# What would you charge?



## mfike (May 12, 2008)

I was at a trade show last weekend and sold a few projects that I had built. I was trying to hand out as many business cards as I could hoping for future business. I got an email from a woman I met there saying she wanted a dining table and chairs made from maple. She gave me the link http://www.ashleyfurniture.com/Showroom/LargeProductImage.aspx?PageId=Showroom&SetDomTab=1&ItemNo=D610-50 and wants to know about how much this would cost her. She's not opposed to some changes if needed, but she wants that basic design. I looked around online and found a site that priced this set at $1000. I told her that I would be happy to build it, but it would be significantly more than Ashley. She said she understands, but wants to know how much. So finally the question. How much should I charge? I know this is not an easy question and there are a thousand variables to consider.
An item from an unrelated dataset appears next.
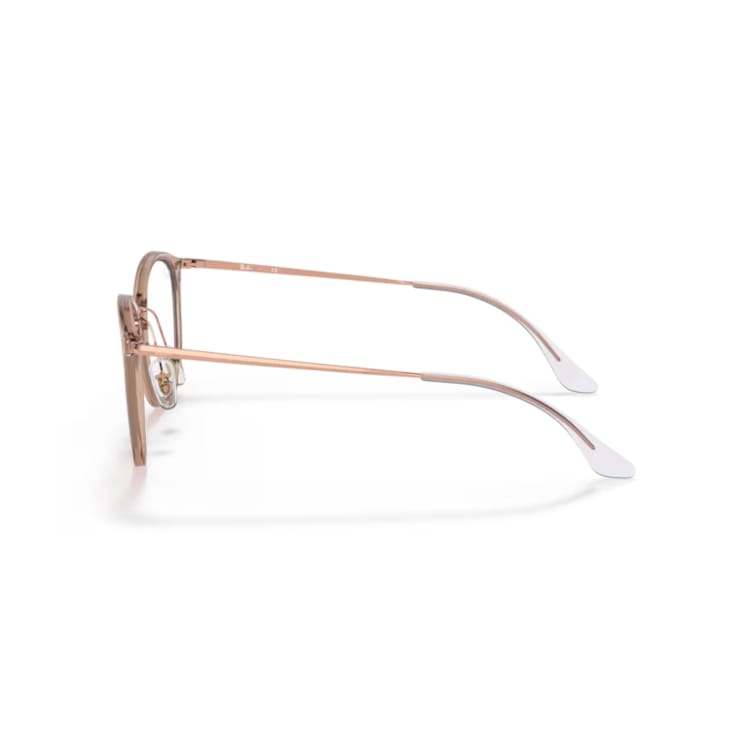 Ray Ban Brille 0RX7140 8124 pink transparent gold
I'm just looking for some ballpark figures here. Thanks for any help.


----------



## TopamaxSurvivor (May 2, 2008)

Is this for fun and adventure or to make a living?


----------



## cajuncypress (Sep 27, 2009)

I guess it really depends on the tools that you have in your shop, but if I had to come up with a figure based the way my shop is equipped, I'd have to say ballpark $1,800.


----------



## DanLyke (Feb 8, 2007)

I'm a hobbyist. I don't do this for a living. I don't even buy a whole lot of furniture. My off-the-top figure for good quality furniture would be somewhere on the order of $700 per chair, and at least $1500 for the table. I may be way high, but seems to me that well engineered well finished quality products from a U.S. manufacturer are going to run that or more.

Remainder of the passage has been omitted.